After crossing the busy four lane Highway 44, I was again following a powerline, and again on singletrack in the woods. Some of the best riding of the day followed as I reached the height of land. For the next hour and half I was descending: first through the thick woods, then in a tall pine forest, then on rocky doubletrack. A steep descent on the wooded doubletrack dumped me out onto a paved park trail where I eventually rolled out onto road. The road led me into the heart of Hartford. At first, I rolled safely along in a wide breakdown lane until suddenly it was gone. I was left to sprint through the heart of a busy commercial section, trying to keep pace and anticipate cars as they ducked and weaved through buzzing traffic.
I found my way to the Capitol grounds, and wider roads where I was able to relax and enjoy the sights. I wandered past the capitol building and through the quiet downtown to a large bridge spanning the Connecticut River. It was now late afternoon and I zipped along the paved trail on the far side of the river heading south. I had hoped to cut through the campus of a large factory, but had to improvise when I found a guarded gatehouse blocking my intended way. Eventually I worked my way over to Interstate 84, where I linked up with the Charter Oak Greenway.

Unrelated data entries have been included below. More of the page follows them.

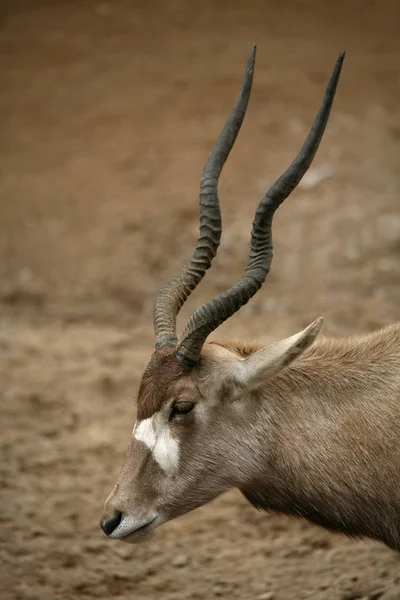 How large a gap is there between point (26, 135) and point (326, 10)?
535 centimetres

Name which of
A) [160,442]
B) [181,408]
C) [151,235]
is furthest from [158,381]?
[151,235]

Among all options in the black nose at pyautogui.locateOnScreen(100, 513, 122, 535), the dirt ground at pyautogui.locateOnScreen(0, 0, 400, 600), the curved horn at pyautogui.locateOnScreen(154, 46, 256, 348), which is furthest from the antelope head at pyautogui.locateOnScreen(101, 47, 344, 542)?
the dirt ground at pyautogui.locateOnScreen(0, 0, 400, 600)

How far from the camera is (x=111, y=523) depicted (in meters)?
4.43

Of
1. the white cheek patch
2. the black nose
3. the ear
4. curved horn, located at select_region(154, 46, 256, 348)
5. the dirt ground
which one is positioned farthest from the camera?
the dirt ground

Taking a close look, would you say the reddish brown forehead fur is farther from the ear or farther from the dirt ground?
the dirt ground

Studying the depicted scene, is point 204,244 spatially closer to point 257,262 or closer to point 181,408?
point 257,262

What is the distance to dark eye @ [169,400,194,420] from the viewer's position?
4.52 m

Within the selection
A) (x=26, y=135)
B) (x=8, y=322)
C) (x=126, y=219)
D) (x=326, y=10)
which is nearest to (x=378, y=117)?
(x=326, y=10)

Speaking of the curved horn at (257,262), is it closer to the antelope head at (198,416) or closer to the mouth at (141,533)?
the antelope head at (198,416)

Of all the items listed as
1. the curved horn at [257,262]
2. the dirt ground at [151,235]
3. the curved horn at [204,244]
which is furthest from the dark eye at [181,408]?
the dirt ground at [151,235]

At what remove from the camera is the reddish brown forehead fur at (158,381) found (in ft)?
14.9

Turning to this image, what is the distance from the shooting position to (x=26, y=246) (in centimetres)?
1207

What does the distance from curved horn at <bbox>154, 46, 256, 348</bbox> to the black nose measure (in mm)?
974

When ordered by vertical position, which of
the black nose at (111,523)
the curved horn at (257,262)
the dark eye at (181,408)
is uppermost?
the curved horn at (257,262) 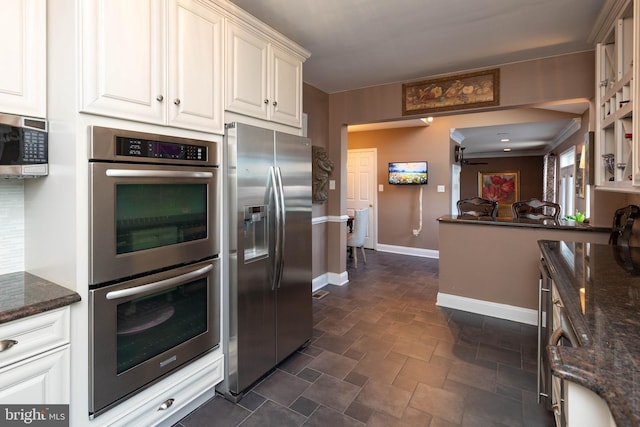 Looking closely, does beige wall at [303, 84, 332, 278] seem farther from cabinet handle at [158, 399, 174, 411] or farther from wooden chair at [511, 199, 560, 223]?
cabinet handle at [158, 399, 174, 411]

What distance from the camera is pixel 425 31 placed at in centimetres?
255

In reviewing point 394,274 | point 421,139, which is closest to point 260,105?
point 394,274

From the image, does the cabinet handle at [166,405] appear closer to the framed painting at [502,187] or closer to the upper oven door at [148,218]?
the upper oven door at [148,218]

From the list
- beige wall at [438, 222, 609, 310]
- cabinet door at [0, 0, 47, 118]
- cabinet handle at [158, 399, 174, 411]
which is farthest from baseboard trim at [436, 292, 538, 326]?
cabinet door at [0, 0, 47, 118]

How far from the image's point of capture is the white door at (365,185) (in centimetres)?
668

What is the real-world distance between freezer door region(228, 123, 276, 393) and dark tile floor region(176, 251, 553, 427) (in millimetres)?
221

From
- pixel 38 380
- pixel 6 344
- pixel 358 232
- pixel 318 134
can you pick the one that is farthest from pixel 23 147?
pixel 358 232

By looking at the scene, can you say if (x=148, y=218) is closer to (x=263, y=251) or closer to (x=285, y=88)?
(x=263, y=251)

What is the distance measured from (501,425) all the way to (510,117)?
5.26 m

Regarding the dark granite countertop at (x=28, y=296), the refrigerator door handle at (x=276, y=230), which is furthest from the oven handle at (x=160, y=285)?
the refrigerator door handle at (x=276, y=230)

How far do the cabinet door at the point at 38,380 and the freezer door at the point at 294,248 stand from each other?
120 centimetres

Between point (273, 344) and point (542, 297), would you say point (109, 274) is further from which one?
point (542, 297)

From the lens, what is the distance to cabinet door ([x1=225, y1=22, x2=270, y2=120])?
6.61 ft

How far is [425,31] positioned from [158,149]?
7.23 ft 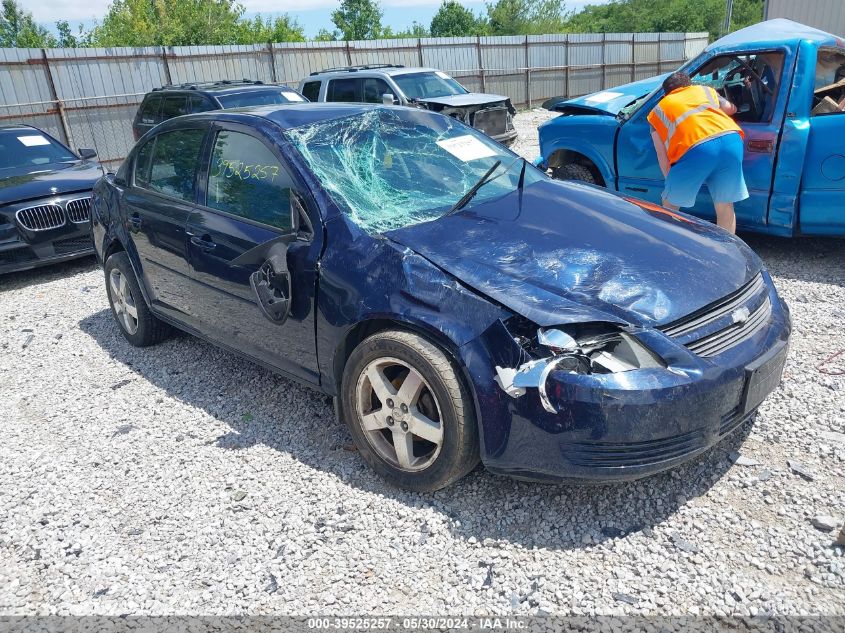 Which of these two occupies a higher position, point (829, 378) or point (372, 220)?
point (372, 220)

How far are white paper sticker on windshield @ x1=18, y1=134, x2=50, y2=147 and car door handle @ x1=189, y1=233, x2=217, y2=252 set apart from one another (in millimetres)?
5780

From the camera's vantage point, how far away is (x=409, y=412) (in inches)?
116

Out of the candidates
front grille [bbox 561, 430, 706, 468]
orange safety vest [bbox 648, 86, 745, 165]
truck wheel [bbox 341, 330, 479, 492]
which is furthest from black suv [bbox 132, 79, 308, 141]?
front grille [bbox 561, 430, 706, 468]

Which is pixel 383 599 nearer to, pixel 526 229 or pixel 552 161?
pixel 526 229

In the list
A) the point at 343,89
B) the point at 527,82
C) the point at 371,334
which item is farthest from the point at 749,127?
the point at 527,82

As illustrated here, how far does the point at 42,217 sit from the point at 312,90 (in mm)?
6763

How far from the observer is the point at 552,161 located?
22.9 feet

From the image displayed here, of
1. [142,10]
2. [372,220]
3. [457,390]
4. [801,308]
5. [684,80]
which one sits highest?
[142,10]

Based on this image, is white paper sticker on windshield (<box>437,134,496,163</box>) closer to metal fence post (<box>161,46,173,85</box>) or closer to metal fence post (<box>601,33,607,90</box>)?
metal fence post (<box>161,46,173,85</box>)

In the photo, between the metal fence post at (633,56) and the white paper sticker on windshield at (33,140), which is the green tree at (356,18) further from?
the white paper sticker on windshield at (33,140)

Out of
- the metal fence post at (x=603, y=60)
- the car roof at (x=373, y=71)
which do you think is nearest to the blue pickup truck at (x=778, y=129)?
the car roof at (x=373, y=71)

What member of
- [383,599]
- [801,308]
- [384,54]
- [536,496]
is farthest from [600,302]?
[384,54]

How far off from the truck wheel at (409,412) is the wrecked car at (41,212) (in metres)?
5.36

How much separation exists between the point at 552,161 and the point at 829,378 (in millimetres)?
3861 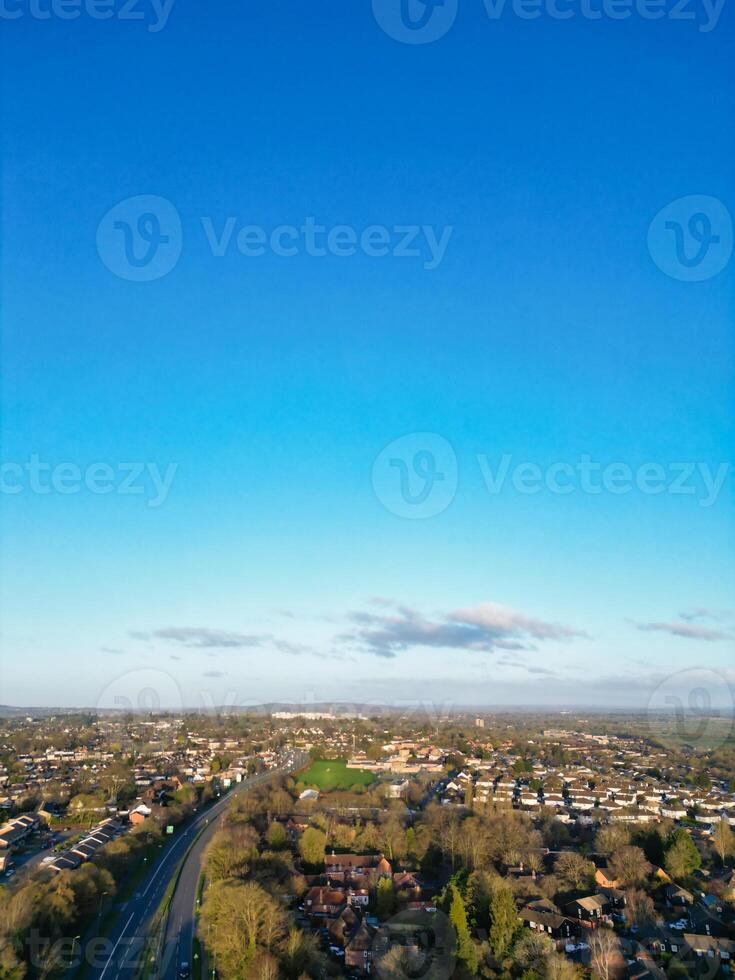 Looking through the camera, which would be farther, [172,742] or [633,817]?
[172,742]

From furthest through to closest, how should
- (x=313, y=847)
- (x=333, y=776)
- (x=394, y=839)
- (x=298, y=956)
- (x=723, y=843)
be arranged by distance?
(x=333, y=776)
(x=394, y=839)
(x=723, y=843)
(x=313, y=847)
(x=298, y=956)

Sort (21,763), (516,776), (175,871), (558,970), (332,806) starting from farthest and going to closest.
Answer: (21,763) < (516,776) < (332,806) < (175,871) < (558,970)

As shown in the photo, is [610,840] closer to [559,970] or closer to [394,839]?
[394,839]

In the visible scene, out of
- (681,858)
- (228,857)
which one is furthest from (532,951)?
(228,857)

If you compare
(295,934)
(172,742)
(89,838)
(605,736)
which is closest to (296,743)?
(172,742)

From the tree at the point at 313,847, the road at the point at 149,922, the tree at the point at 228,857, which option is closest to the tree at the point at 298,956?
the road at the point at 149,922

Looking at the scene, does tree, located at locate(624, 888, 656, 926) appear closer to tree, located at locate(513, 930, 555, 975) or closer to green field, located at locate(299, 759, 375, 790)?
tree, located at locate(513, 930, 555, 975)

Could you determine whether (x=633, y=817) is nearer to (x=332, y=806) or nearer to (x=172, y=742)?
(x=332, y=806) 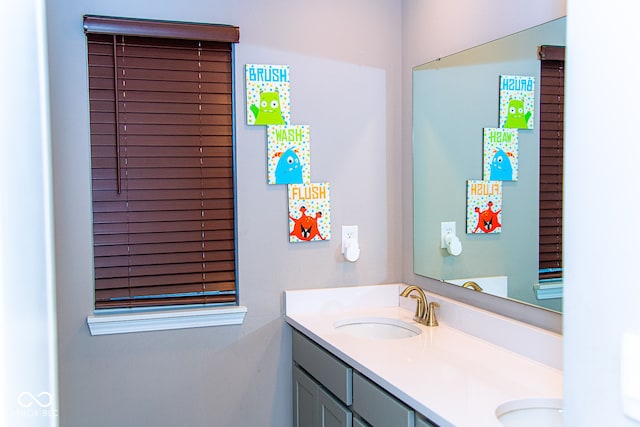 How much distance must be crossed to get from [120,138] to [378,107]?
114 centimetres

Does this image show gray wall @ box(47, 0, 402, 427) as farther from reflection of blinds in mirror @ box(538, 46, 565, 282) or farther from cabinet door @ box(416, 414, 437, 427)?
cabinet door @ box(416, 414, 437, 427)

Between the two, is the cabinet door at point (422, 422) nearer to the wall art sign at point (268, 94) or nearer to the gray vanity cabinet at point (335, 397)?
the gray vanity cabinet at point (335, 397)

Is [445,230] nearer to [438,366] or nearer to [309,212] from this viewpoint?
[309,212]

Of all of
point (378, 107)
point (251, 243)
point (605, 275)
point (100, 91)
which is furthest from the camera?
point (378, 107)

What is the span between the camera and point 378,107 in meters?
2.73

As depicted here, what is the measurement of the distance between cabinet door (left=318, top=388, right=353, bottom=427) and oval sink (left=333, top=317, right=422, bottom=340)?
0.34 meters

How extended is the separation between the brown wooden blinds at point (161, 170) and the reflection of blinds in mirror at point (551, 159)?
127 centimetres

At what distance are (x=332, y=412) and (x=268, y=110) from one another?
1.25m

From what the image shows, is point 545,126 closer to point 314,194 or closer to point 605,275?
point 314,194

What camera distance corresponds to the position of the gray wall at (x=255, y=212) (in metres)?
2.32

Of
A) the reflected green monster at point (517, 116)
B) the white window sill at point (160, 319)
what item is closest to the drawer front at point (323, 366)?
the white window sill at point (160, 319)

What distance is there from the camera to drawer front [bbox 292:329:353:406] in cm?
200

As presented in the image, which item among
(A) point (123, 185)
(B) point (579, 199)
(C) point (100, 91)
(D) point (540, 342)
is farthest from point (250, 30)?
(B) point (579, 199)

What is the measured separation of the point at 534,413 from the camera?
1.56m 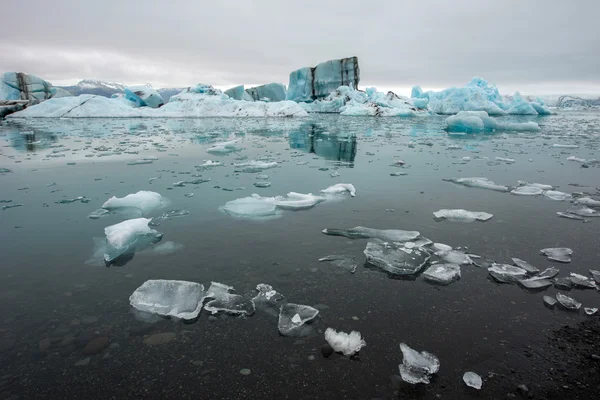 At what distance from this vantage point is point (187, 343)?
1784 millimetres

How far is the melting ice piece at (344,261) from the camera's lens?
2.60 metres

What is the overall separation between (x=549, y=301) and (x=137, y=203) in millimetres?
4171

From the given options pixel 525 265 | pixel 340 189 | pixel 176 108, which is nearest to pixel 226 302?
pixel 525 265

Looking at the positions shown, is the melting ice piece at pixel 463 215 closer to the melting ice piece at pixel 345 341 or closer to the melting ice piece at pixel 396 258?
the melting ice piece at pixel 396 258

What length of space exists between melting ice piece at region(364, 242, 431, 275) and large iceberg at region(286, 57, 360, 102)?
41.5 m

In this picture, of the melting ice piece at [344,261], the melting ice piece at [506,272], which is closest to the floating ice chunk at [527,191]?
the melting ice piece at [506,272]

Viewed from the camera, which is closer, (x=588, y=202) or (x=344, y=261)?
(x=344, y=261)

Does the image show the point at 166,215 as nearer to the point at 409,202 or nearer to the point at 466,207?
the point at 409,202

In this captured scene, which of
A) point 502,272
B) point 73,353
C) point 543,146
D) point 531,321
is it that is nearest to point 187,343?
point 73,353

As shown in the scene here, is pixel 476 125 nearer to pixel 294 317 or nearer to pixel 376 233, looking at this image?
pixel 376 233

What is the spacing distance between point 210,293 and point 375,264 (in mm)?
1325

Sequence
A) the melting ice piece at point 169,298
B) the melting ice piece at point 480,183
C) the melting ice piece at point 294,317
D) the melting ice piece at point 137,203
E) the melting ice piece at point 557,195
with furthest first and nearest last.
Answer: the melting ice piece at point 480,183
the melting ice piece at point 557,195
the melting ice piece at point 137,203
the melting ice piece at point 169,298
the melting ice piece at point 294,317

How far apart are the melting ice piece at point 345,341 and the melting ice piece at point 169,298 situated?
854 mm

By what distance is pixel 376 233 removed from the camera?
3.24 metres
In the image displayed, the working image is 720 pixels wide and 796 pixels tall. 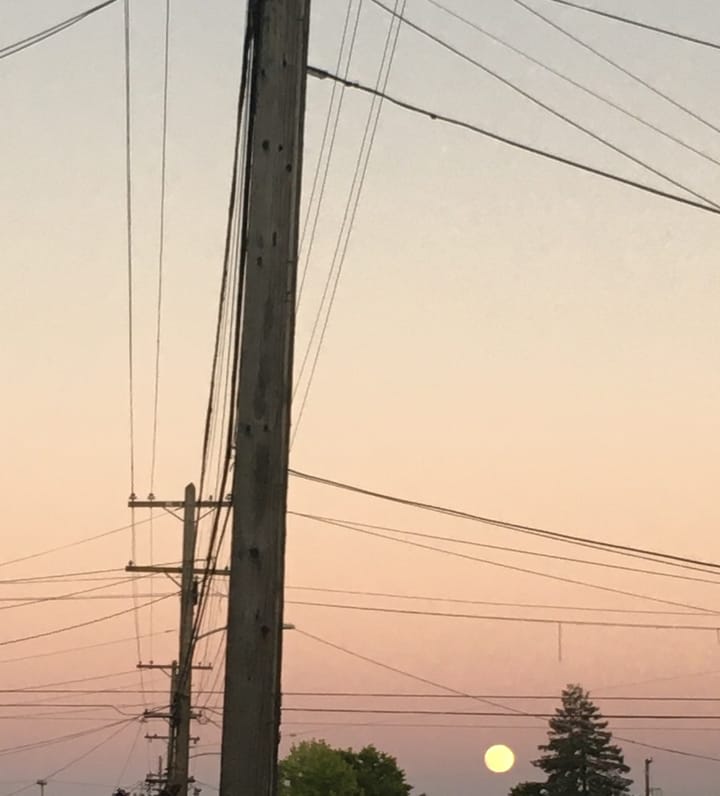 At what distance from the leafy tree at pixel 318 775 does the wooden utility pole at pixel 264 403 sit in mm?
108232

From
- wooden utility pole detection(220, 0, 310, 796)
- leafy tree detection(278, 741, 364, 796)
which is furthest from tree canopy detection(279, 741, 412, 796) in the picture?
wooden utility pole detection(220, 0, 310, 796)

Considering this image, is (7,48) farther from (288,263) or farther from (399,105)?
(288,263)

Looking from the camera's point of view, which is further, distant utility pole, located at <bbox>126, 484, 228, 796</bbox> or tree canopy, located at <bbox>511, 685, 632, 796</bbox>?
tree canopy, located at <bbox>511, 685, 632, 796</bbox>

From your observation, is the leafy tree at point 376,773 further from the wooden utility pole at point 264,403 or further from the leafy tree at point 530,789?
the wooden utility pole at point 264,403

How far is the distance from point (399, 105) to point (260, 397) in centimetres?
372

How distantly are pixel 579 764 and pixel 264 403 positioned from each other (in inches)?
5146

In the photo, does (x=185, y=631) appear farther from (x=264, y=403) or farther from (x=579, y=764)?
Result: (x=579, y=764)

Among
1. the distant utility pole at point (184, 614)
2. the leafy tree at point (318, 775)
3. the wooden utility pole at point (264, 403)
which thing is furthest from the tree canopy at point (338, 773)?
the wooden utility pole at point (264, 403)

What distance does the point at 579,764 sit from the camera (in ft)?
438

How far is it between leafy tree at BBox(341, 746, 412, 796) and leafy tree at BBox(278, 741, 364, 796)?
1172 millimetres

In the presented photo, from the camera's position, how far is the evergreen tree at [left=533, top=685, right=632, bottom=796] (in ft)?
434

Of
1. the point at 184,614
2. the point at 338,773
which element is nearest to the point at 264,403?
the point at 184,614

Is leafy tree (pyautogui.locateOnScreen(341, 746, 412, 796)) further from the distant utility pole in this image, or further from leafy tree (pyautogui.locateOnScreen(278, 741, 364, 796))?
the distant utility pole

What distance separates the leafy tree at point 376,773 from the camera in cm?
11675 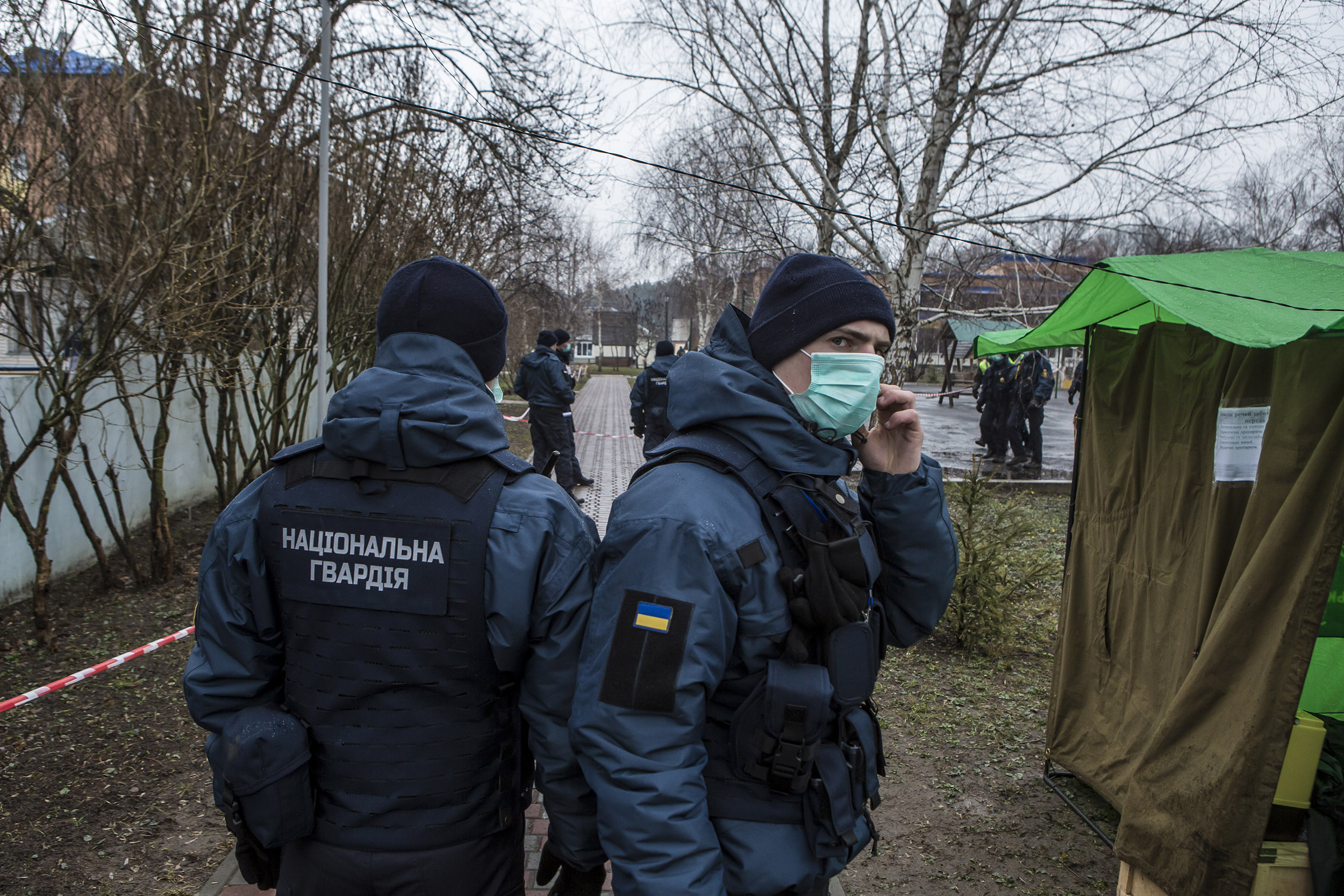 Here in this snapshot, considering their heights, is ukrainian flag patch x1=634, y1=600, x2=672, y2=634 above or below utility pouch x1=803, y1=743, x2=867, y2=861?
above

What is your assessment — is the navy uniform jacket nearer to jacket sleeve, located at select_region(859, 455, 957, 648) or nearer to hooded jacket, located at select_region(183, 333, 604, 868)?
jacket sleeve, located at select_region(859, 455, 957, 648)

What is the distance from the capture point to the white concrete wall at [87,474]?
5.99 metres

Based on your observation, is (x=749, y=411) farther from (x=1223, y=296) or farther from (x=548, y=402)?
(x=548, y=402)

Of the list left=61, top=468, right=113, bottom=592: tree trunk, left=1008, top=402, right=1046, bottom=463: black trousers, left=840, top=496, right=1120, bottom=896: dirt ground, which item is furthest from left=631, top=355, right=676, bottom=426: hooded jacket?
left=1008, top=402, right=1046, bottom=463: black trousers

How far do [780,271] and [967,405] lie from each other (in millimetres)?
31849

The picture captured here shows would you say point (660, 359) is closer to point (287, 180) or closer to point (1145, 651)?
point (287, 180)

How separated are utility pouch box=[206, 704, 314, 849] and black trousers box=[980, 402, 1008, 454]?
50.0 feet

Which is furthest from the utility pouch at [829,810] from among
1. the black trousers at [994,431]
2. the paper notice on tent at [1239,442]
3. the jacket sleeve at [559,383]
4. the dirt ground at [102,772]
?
the black trousers at [994,431]

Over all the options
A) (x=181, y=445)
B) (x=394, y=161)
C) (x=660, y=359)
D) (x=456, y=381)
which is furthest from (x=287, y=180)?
(x=456, y=381)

Originally my plan had been to follow the Greenway to Case Mountain Park and find a spot to camp for the night, but my tired legs ran out of gas as I approached Manchester. I cringed at the thought of the climb needed to get to the park.
Waving the white flag, I rolled into Manchester for the night and setup camp in another cheap motel. I found a gem of a spot. And by gem, I mean it was the worst place I’ve ever stayed. I’m convinced that the person who last stayed in my room died of tuberculosis, but managed to give it to the person next door before leaving in a bag. It was the kind of place that smelled like a frat house bathroom mat had been placed over the broken air conditioner. Imagine sleeping in a dirty sock.
In short, it was the kind of place that will forever make me think twice about giving up a night in the hammock for a night in a motel. Forever.
It is not, however, what I think of when I think of Connecticut. I think of the Metacomet. The miles and miles of wild Metacomet.
And my love affair with Connecticut bikeways was only just beginning.